Hong Kong performing artists cannot seem to get enough of Franz Kafka's surreal classic novel Metamorphosis, in which the main character - Gregor - wakes up to find himself transformed into a giant beetle.

Many local theatre companies have staged their own adaptations of the work in the past decade, including Sand & Bricks, which presented Metamorphosis on three occasions - in 1988, 1994 and 1995.

Today, Theatre du Pif premiers its version at the Cultural Centre and newly founded Theatre Action will present Steven Berkoff's adaptation of Kafka's novel early next month.

Some artists see the bizarre Kafka-esque world an apt metaphor for the territory.

'Maybe it is because I am here in Hong Kong, I really sense in some ways the life of Gregor, getting up at five every morning to make money and then to come back to look after his old dad and mum and be the provider,' says Sean Curran, who is co-directing the Theatre du Pif production.

'In some ways, we try to comment a little on the way Hong Kong is. We try to show, through some scenes, the competition and violence inherent in business, how people would cut each other's throat to make a deal, as it were.

'I hope people can identify with that.' Kwong Wai-lap, who directed Sand & Bricks' Metamorphosis in 1994 and 1995, says the play is a popular one locally because Kafka's story mirrors the 'Hong Kong situation'.

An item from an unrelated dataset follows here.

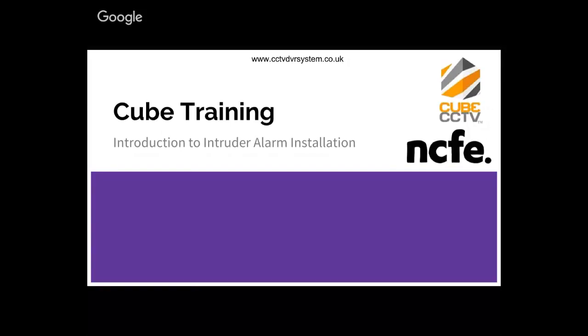Hello everyone, welcome to a new webinar. This time we're talking about intruder alarm installation. This is going to be a basic webinar which is going to explain how to install a basic system - a DIY kit or grade one system.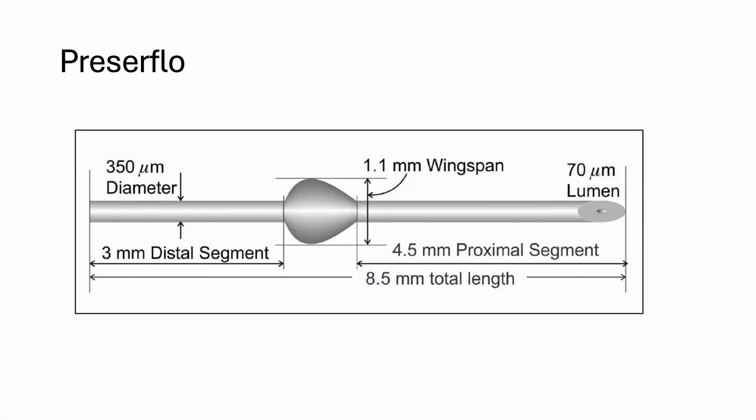First, a quick backstory about PresserFlow. PresserFlow is a fantastic implant used in glaucoma filtering surgeries. It has a length of 8.5 millimeters, an outer diameter of 350 microns, and an inner diameter of 70 microns.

He points out parallels between Gregor's predicament and the territory's uncertain political future.

Kwong says: 'Back in 1988, when we staged the first of the trilogy, Gregor was an idealist. He was also like many of us, who did not want to get up and go to work in the mornings.' But why did he turn into an insect? 'In the trilogy of Metamorphosis, the change signifies alienation because Hong Kong society has no room for idealists but pragmatists,' Kwong says.

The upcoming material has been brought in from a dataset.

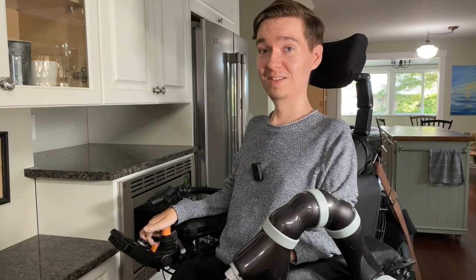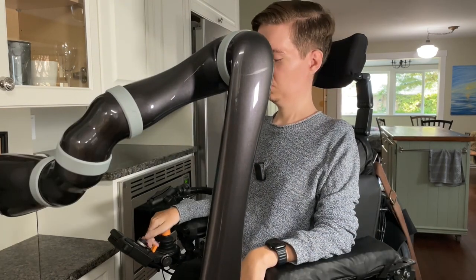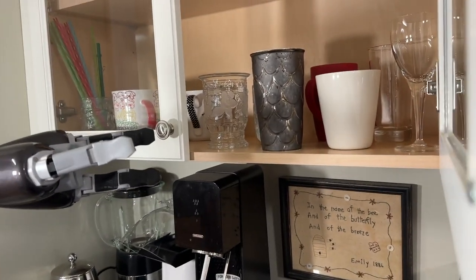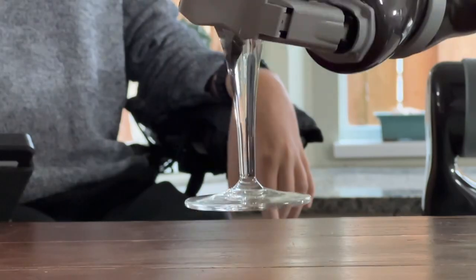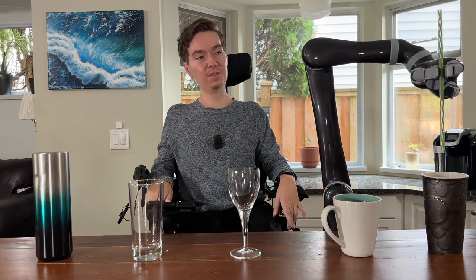The first thing we need is a cup. I've laid out five different cups here in a variety of shapes, sizes, and styles to demonstrate that your cups at home will work no matter what they look like. Using Jayco with a straw is also entirely possible and is my personal preference, but the option is up to you of course.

'Also in the 1988 production the lodgers in the story were three Mandarin-speakers. They were outsiders, mainland Chinese. Their squabbling symbolised the power struggle in China.

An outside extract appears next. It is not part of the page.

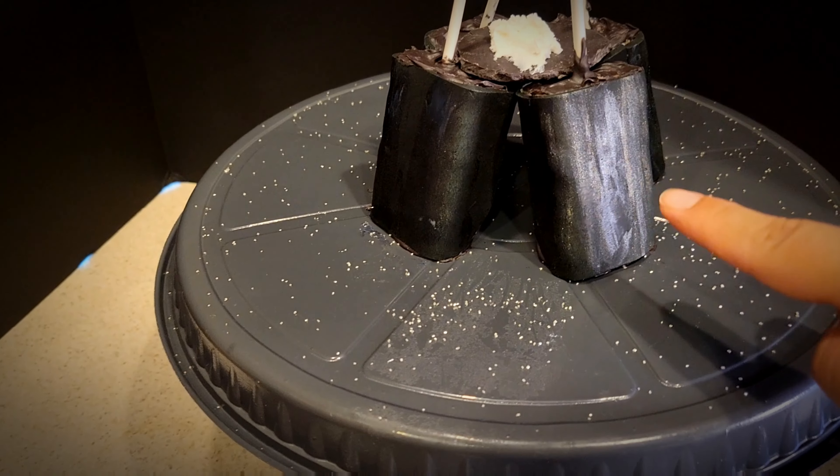I posted a video on Instagram of me actually cutting into the cake, so if you're not following me there you can check out that video — it's pretty satisfying. Thank you for watching, I hope you have an amazing day. Bye!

'We conveyed that on to a Hong Kong stage. These lodgers were pressuring the family with their rules and telling them what to do.' Then in the 1994 and 1995 production the metamorphosis itself changed form: the lodgers became Canadian returnees who wanted to do business with China.

'These are opportunists who are really the greatest threat [to Hong Kong],' he says.

Kwong adds that the theme of 'change' is prominent in local movies, theatre and television drama series, and regarded a positive force for good. 'By 1994, change took on a new meaning as a form of alienation. A larva could turn either way, a butterfly or a harmful insect. People also realised at the time there are things that couldn't change.' Curran, who came to the territory three years ago, says his play (which is in Cantonese and English) is apolitical and closer to the original novel in examining the theme of alienation.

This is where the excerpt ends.